"Se não te agradar o estylo,e o methodo, que sigo, terás paciência, porque não posso saber o teu génio, mas se lendo encontrares alguns erros, (como pode suceder, que encontres) ficar-tehey em grande obrigação se delles me advertires, para que emendando-os fique o teu gosto mais satisfeito"
Bento Morganti - Nummismologia. Lisboa, 1737. no Prólogo «A Quem Ler»

quinta-feira, 10 de junho de 2010

Dia de Camões: «Mudam-se os Tempos, Mudam-se as Vontades»




"Camões e as Ninfas”
Óleo sobre tela de Columbano Bordalo Pinheiro


Hoje dia 10 de Junho em que se celebra oficialmente o Dia de Camões, de Portugal e das Comunidades Portuguesas (1), coincide com a data do falecimento de Luís Vaz de Camões em 1580 é utilizada para relembrar os feitos passados.


Luis Vaz de Camões
por François Geratd

Luís Vaz de Camões é frequentemente considerado como o maior poeta de língua portuguesa e dos maiores da Humanidade. O seu génio é comparável ao de Virgílio, Dante, Cervantes ou Shakespeare; das suas obras, a epopeia «Os Lusíadas» é a mais significativa.

Deste poeta imortal, no 430º aniversário da sua morte, fica aqui talvez um dos seus poemas mais conhecidos.

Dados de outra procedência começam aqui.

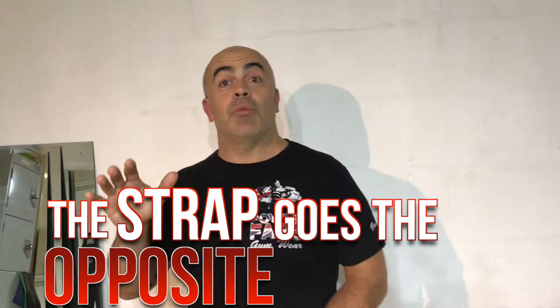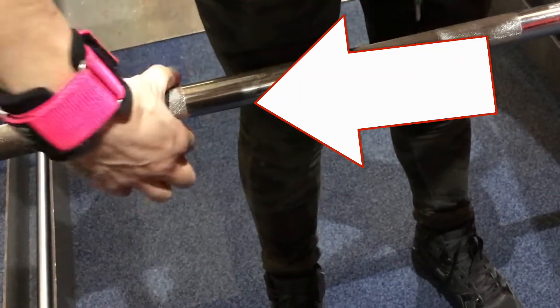Put your lifting straps on — they go across the palm of your hand, but the strap goes the opposite way to the way your grip is going. So if you're going to grab a bar overhand, the strap goes underneath, you tighten it, grip it, as you'll see on the video. If you're using an underhand grip, the strap goes over the bar underneath.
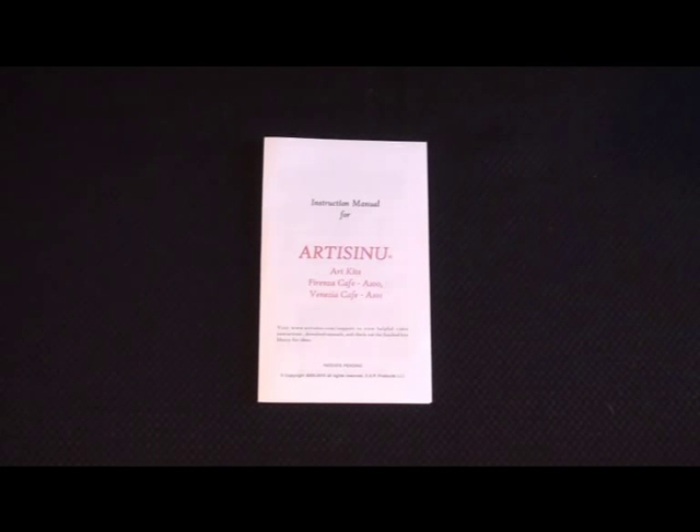The next thing is the instruction manual. Please read it thoroughly before you get started for specific details of the kit.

Mudam-se os Tempos, Mudam-se as Vontades

Mudam-se os tempos, mudam-se as vontades,
Muda-se o ser, muda-se a confiança:
Todo o mundo é composto de mudança,
Tomando sempre novas qualidades.

Continuamente vemos novidades,
Diferentes em tudo da esperança:
Do mal ficam as mágoas na lembrança,
E do bem (se algum houve) as saudades.

O tempo cobre o chão de verde manto,
Que já coberto foi de neve fria,
E em mim converte em choro o doce canto.

E afora este mudar-se cada dia,
Outra mudança faz de mor espanto,
Que não se muda já como soía.


Luís Vaz de Camões, in "Sonetos"


«Camões na prisão de Goa»
Óleo sobre tela de Maureaux

Nunca sendo demais relembrar este poeta épico da língua portuguesa, qualquer estudo que sobre ele se faça corre sempre o risco de ser uma repetição.

Como para esse tipo de estudos, e não só, “não tenho engenho nem arte”, resta-me render-lhe a minha homenagem divulgando a sua poesia.

Que nestes tempos de mudança que vivemos espero que consigamos mudar mesmo as nossas vontades e criar um mundo melhor.

Saudações bibliófilas.


(1) Até ao 25 de Abril de 1974 era conhecido como o Dia de Camões, de Portugal e da Raça.

4 comentários:

Fernanda disse...

Mesmo correndo o risco de uma repeticao, nunca e' demais lembrar quem tanto deu e deixou na poesia portuguesa. Para quem gosta de poesia nunca cansa.

Marco Fabrizio Ramírez Padilla disse...

Rui.

Te felicito por recordar este aniversario, y nada mejor que con con un bello poema.
Saludos

Galderich disse...

Que tu deseo posterior después de este magnífico poema sea lo más pronto posible una realidad.

rui disse...

Se “a poesia é uma arma” (como dizia uma canção), que ela sirva para disparar palavras, e não balas, para fazer florescer o gosto da arte da escrita e o prazer da leitura e com elas construirmos valores pelos quais valha a pena lutar.